**What is needed:** Starting with the line that has "Tire valve stem" in the records below and stopping after the line that has "Young woman urban", output every line exactly and nothing else; skip pictures.

**Exercise data:**
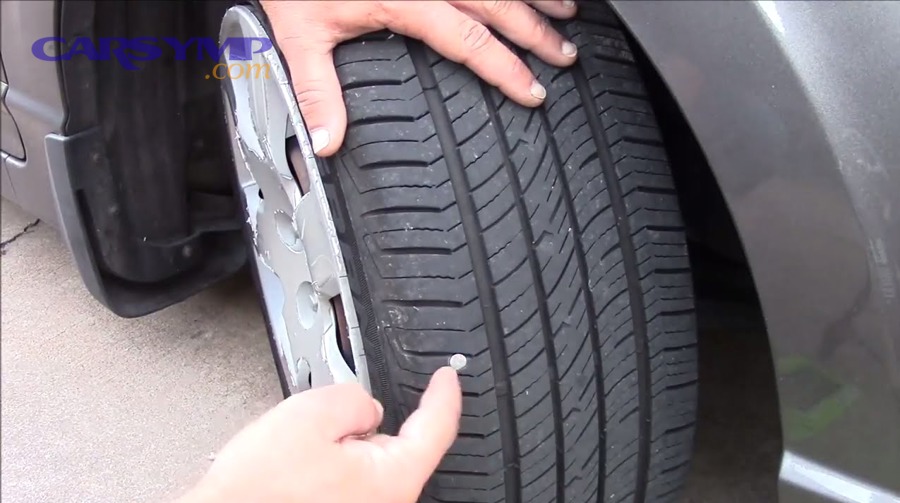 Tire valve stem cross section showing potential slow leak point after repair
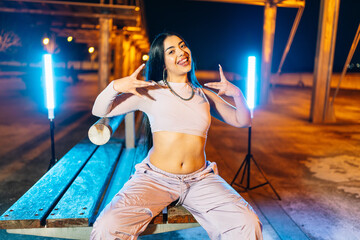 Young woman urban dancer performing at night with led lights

...

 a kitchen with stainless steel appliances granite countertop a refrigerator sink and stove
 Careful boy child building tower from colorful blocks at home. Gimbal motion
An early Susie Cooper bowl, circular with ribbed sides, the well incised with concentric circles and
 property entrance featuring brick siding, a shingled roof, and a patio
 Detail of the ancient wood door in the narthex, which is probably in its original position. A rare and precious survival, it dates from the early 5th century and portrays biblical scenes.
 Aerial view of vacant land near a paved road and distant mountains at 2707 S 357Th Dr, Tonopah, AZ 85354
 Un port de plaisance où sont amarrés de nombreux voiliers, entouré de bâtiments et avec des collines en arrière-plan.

**Solution to this exercise:**
 Tire valve stem cross section showing potential slow leak point after repair
 Young woman urban dancer performing at night with led lights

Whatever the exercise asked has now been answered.